C’est au pied de la montagne de Galcetaburu et probablement autour
de la petite chapelle signalée par Cassini, que se sont réunies
pendant longtemps, les juntes générales de la Basse-Navarre. Ces
assemblées, composées de mêmes membres que les Etats, étaient
convoquées par le châtelain de Saint-Jean-Pied-de-Port, quand il
fallait délibérer sur quelque affaire imprévue et urgente. Les
lettres de convocation étaient toujours rédigées en espagnol, et
elles étaient adressées aux personnes convoquées, sous l’antique
forme : Al muy magnifico señor.
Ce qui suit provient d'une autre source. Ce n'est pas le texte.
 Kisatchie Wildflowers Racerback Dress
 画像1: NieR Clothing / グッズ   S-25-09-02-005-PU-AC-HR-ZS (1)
Les réunions qui se
tenaient en plein air étaient d’ailleurs fort courtes et
strictement limitées à l’examen de la seule question qui avait
motivé la convocation.
Il
serait désirable que des mesures fussent prises pour la conservation
d’un monument sans valeur artistique, assurément, mais qui
rappelle tant de souvenirs.
Cf.
Gure Herria, n° d’avril 1924, étude M. le chanoine
Daranatz sur les Etats de Basse-Navarre au XVIe
siècle, p. 212. Il y est question des juntes ou jointes qui se
tenaient à Galcetaburu.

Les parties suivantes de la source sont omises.